First, I had pointed out the unfamiliar garment in the hamper. And then you accused me of hysteria, after which I became interested in laundry soaps: buying in bulk, oxidizing formulas, potions to remove mildew, because sometimes mildew happens in places you do not expect.
Before packing boxes and a truck and emptying your life from my life, you were in charge of removing dead things from the property. I was not one of those things.
After sex.
Each time I wanted to go to church, you would rise for a drink of water, leaving me in the pew with the incense, the organ music, the woman in white who said each week, during the intentions: “That children will learn to LOVE the Lord, we PRAY to the Lord.” You were gone for half an hour.
Then we went to the movies, and popcorn fell from my mouth into my bra. Your buttery fingerprints all over my sternum.
Rewind, projectionist. Those were my fingerprints alone.
During sex.
After you became twisted between lies, someone repurposed items from our refrigerator. You feigned innocence; perhaps you were innocent. I found a mini-bottle of ketchup on my knick-knack shelf, a packet of yeast in the medicine cabinet. A brick of cheddar nested in my lost slipper beneath the bed. I no longer cooked, did not want reminders of food, and there it was, everywhere in the house, mocking my lack of appetite.
For a time, I thought a good deal about laundry soaps, those that remove traces of our being and occupation from the fibers we use to cover ourselves. I would make that strange underwear clean, maybe even wear it, though I favored black to pink.
That was around the time I had to quit technology, give it up cold turkey when I realized it was killing me. Now I know it was killing us. We’d been watching reruns of the show with pretty, vivacious women chatting on enormous cell phones. Once they discover that cell phones cause cancer, I said, this scene will be horrifying.
Her cell phone looks like a shoe, you said. A cancer-causing shoe.
Not long after that, you slipped out back with your phone, your face lit like a smoker’s, though you never smoked. The sliding glass door was better suited to showing me my own reflection. I sat up straighter, neatening the crocheted blanket across my lap.
Once, I learned that the circus peanuts had directions on the back for circus-peanut gelatin, which I wanted to make.
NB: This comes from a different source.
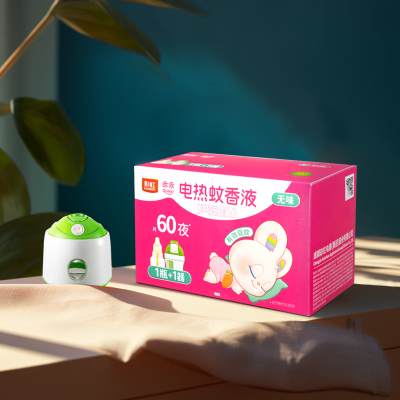 彩虹乖乖蚊香液套装(定时可调控1+1),新老包装随机发货f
One of the candy’s ingredients was gelatin. You had to buy more, use more, in order to reduce the product to one of its parts. The math was troubling. Later still, in my revenge dreams, I imagined pouring orange gelatin salad over your head. Bits of fruit in your ears, peaches and bananas hindering your hearing. I considered hidden ingredients that would not have an aftertaste. Following our shows, you went to the store, and came home two hours later without gelatin. They were out, you said.
Before sex.
Until the cows came home. Which is not as late as you’d think. There was still a little light. They wouldn’t have to be milked again, not for hours.
Finally, months after you drove the U-Haul several states away, I squinted to remember how we started. When was our beginning, and what did it mean that I couldn’t say? My memories were like little pebbles plinking at my bedroom window. You were the last person to ask, Can you come outside? And before too long, I did.